This article is from the Australian Property Journal archive
THE share of total rental properties listed below $400 per week has dropped to a new low, with no real relief being provided to Australia’s renters.
According to a new PropTrack Market Insight Report, the share of rental properties listed for less than $400 per week on realestate.com.au has nearly been halved in the 12 months to April 2023.
At 16.2%, this is the lowest share of more affordable rentals on record, with the same month last year seeing a 30.2% share of all listings.
The share of listings under $400/week also reached new record lows for all capital cities, with Hobart and Darwin the exceptions, though these two capitals still saw the share halved year-on-year.
“The nation’s rental market is in dire straits, with little sign of meaningful reprieve on the horizon. Advertised rents are recording strong price increases and vacancies are at historic lows amid a shortage of rental supply,” said Eleanor Creagh, senior economist at PropTrack and report author.
This comes after the first quarter of the year saw a 2.5% increase to already elevated rents and CoreLogic’s Rental Pulse from earlier in the month reported the greatest annual increase on record, at 11.7%.
In Sydney, the share of total listings under $400/week fell from 18.95% to 9.13% over the year, with Melbourne seeing a fall from 38.64% to 16.55% and Brisbane from 26.36% to 10.89%.

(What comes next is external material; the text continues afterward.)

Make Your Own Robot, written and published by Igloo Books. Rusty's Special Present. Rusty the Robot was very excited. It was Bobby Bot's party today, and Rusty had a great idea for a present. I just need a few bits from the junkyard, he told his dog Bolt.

In Adelaide the share of listings fell from 36.36% to 21.90%—one of the few capitals that didn’t see the share halve—while Perth saw less than a third of more affordable listings from the same time last year, down from 30.05% to 8.17%.

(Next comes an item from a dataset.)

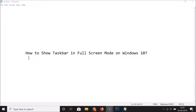Hi guys, in this tutorial I'm going to show you how to show the taskbar in full screen mode on Windows 10.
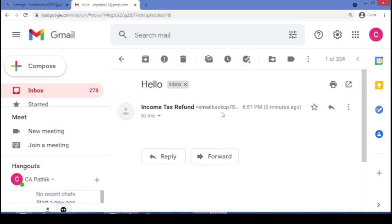And you can also change the name of your account. Hope friends, you have enjoyed the video. Please like and subscribe the channel. Thank you very much. Keep smiling. Take care.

Perth not only recorded the sharpest decline over the year but has fallen 86% from the 59.39% share of listings in March 2020.
Hobart was down from 19.71% to 9.83%, Darwin from 13.95% to 8.74% and the ACT down from the already tight 5.34% to just 1.83% of all listings.
The combined capital cities were down from 28.14% to 11.93% over the year, which is less than a third of listings seen in March 2020 when 36.25% of listings were under $400/week.
The decline in listings under $400/week was less pronounced but still significant in the combined regions, down from 37.24% to 26.56% over the year and from 57.63% in March 2020.
“Pressure has shifted from regional areas to the capital cities – particularly in inner-city areas – as demand from overseas migration has increased,” concluded Creagh.
“Strong migration, low vacancy rates and limited new supply mean tough conditions for renters are likely to remain, with the share of $400 per week rentals set to stay low.”